Sandberg e Julie Gavras rememoram infâncias tocadas pelo acontecimento traumático transatlântico que, de forma indireta, invade sua vida privada. Películas escondidas e A culpa é de Fidel, no entanto, são filmes feitos em contextos democráticos e fora das fronteiras chilenas. Desse modo, se tornam produtos culturais interessantes para se pensar a extensão e a força dos laços criados pelas redes de solidariedade que não parecem se limitar aos anos da longa ditadura (1973-1990). O “Chile de Allende” e o “Chile de Pinochet” permanecem nos imaginários como dois paradigmas de socialismo e repressão, respectivamente.

O caso de Películas escondidas é interessante por sua dimensão transnacional extrafílmica: um filme argentino sobre o exílio chileno na RDA, dirigido por uma alemã radicada na Austrália e um argentino. Há, sem dúvida, a ênfase na ideia de desterro que faz com que o produto “filme” acompanhe as trajetórias dos exilados – ou seja, dos protagonistas das “películas escondidas” – e da própria Sandberg. A diretora se apresenta também como uma “exilada” em relação ao país de sua infância, agora inexistente, a Alemanha Oriental. Um tipo de exílio particular, pois ocorre mais no tempo do que no espaço. A diretora vem de um lugar do passado, inserto numa época de fronteiras geopolíticas e ideológicas outrora muradas.

As trajetórias de Películas escondidas, fílmica e extrafílmica, me levam a pensar novamente em minha pesquisa. Quando comecei um doutorado sobre filmes chilenos de um diretor francês (Chris Marker), em 2008, era constantemente indagada sobre as razões que me levaram a um projeto tão alheio ao universo de uma brasileira, que até então só havia morado em São Paulo (iniciava-se aí, também para mim, um processo de desterro). Nunca soube responder. A verdade é que o tema surgiu na constatação de um buraco: por que ninguém pesquisou ainda essa filmografia? A partir daí, novas questões apareceram, o Chile passou a ser o centro de uma constelação de países conectados por essa rede solidária de dimensões difíceis de mensurar. Hoje me vejo atrás de películas que precisam ser descobertas, pelo prazer da pesquisa e pelo dever de memória que concerne ao ofício do historiador.

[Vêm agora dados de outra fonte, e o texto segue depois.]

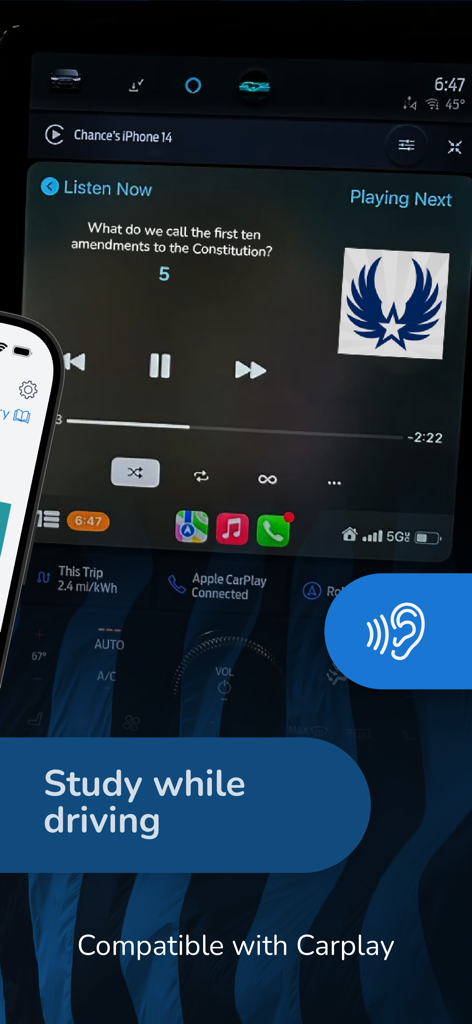 Citizen Now: US Citizenship - Interface of the Citizen Now app on Apple CarPlay showing a civics test question for hands-free studying while driving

Cada filme encontrado se torna um indício do largo espraiamento mundial do projeto de socialismo democrático conhecido como “experiência chilena”. Essa filmografia revela igualmente uma repressão que, assim como as imagens do bombardeio do La Moneda no trágico 11 de setembro, se tornou cinematográfica. O cinema deu forma aos sonhos e imaginários derrotados com Allende, mas também aquilo que a ditadura tentou ocultar após 1973. Esse “cinema de solidariedade” se tornou, porém, um enigma desconhecido, talvez pela concepção de serem filmes datados, situados no “espírito de uma época” que a democracia julgou haver superado. Todo o esforço de trazê-lo à tona é, portanto, necessário.

Carolina Amaral de Aguiar é professora de História da América na Universidade Estadual de Londrina (UEL). Fez doutorado em História Social e pós-doutorado em Cinema na Universidade de São Paulo (USP). Atualmente desenvolve um novo projeto de pós-doutorado em História na Unicamp. É autora do livro O cinema latino-americano de Chris Marker, publicado pela Alameda em 2015.